But that night my wife said, "It would be nice to have a portrait by Tom." Of course she was right, so I called Tom back, and we agreed that I would come to Corning, the city in south-central New York where he has long lived, and spend two days sitting for him.
"I'll be asking you a lot of questions," he said. That sounded ominous. I've always thought of portrait painters as unlicensed psychiatrists, using their eyes instead of their ears to read the human heart; I doubt if Rembrandt's sitters had many secrets he didn't know about. What would it be like to have my 80-year-old cousin reading my 83-year-old face and putting onto canvas what he saw written there?
I decided to bring along my reporter's notebook and do a portrait of my own. It would be a triple portrait. One would be of Tom Buechner and his methods as a portrait painter. One would be of myself as I sat and thought my thoughts of time and mortality. And the third would be of the portrait as it gradually came to life.
Corning is a small city best known as the locale of the 156-year-old Corning Glass Works. I got there by taking a six-and-a-half-hour bus ride from New York City, arriving in late afternoon. Tom picked me up at my hotel to take me to his studio. He looks like an old German professor: white beard, metal-rimmed glasses, amused blue eyes. He has looked that way since his 50s; he seems to have always wanted to look older and to feel more German than he is. He has spent the last 18 summers teaching in Germany, and one of his amusements is to paint his idea of the grotesque figures of Teutonic mythology in the operas of his favorite composer, Richard Wagner.
I, meanwhile, have always wanted to look younger than I am and to feel 100 percent American. In a lifetime of travels I've avoided the homeland of the Buechners and the Scharmanns and the Zinssers: too much anger over World War II. But otherwise Tom and I are similar in our values and are connected by a bond of trust and affection. I had no fears about putting my life in his hands.
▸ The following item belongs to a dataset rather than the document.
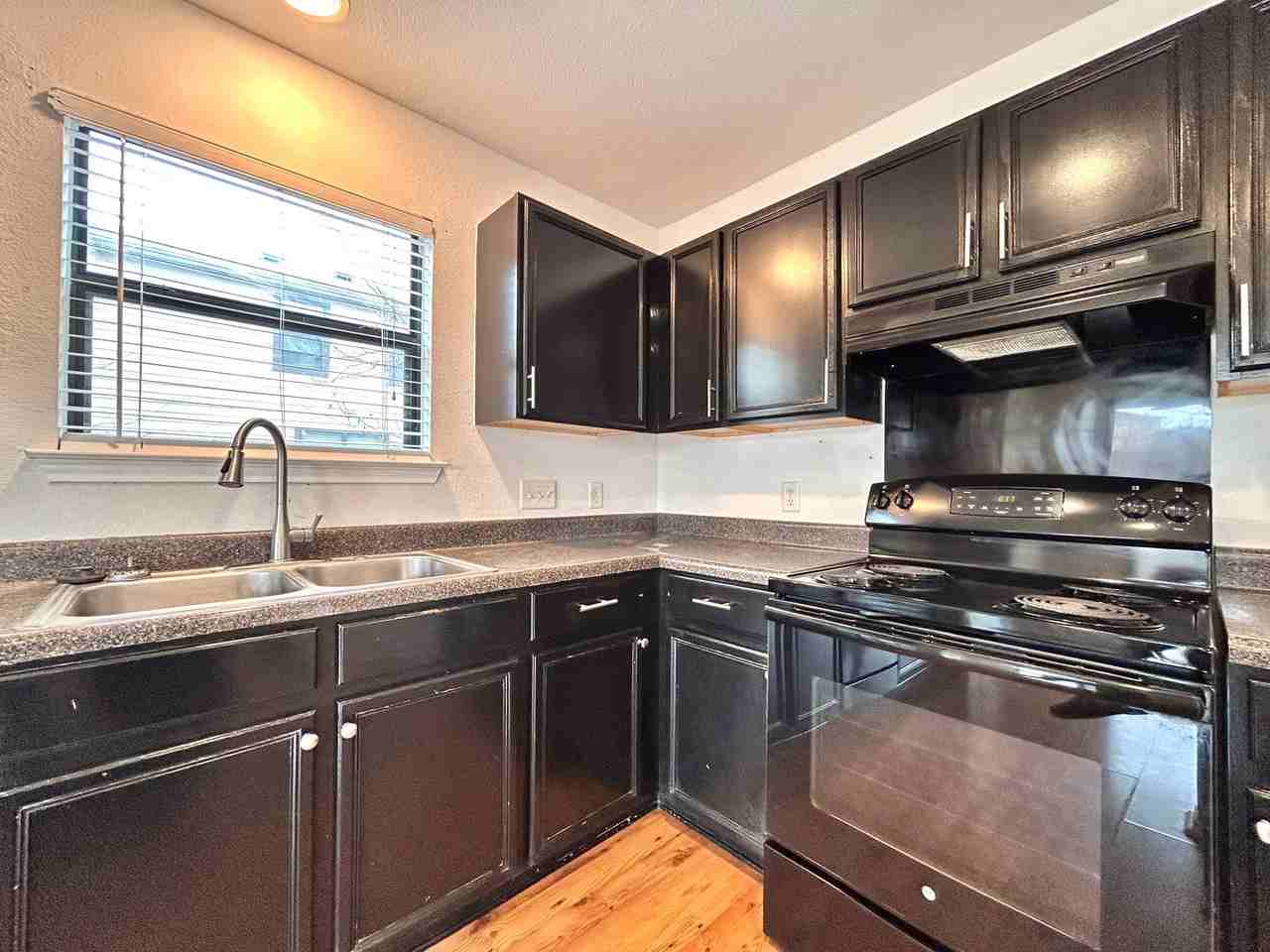 2417 Mccook Dr - Photo 7 of 33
"The first step is to take some photographs of you," he said as we drove to his house, which was tucked into a hillside several miles outside town. His studio is an extension of the house—a lofty space with an angled ceiling and a huge window that looks out on pure nature: woods, birds, deer. (My office, in mid-Manhattan, looks out on the cars and buses of Lexington Avenue.) The studio was immaculate, every paintbrush clean, every tube of paint neatly resting in its ordained place.
Hanging on one wall were several portraits of successful-looking men that Tom had recently completed. These commissions—of CEOs, board chairmen, college presidents, headmasters—are a portrait painter's meal ticket. Tom has done 327 of them, including many women and children. When the mighty chiefs retire, it is a common custom to order a likeness that will gaze down on future generations from the oak-paneled walls of clubs and boardrooms and college halls. Knowing this, the chiefs arrange their features for posterity, their visage serious, their suits and shirts and ties suitably sober.
For my portrait I was dressed in my lifelong uniform: odd jacket, pressed charcoal-gray pants, white Brooks Brothers button-down shirt, conservative tie, sneakers. Seemingly casual, the look is carefully chosen to express who I think I am.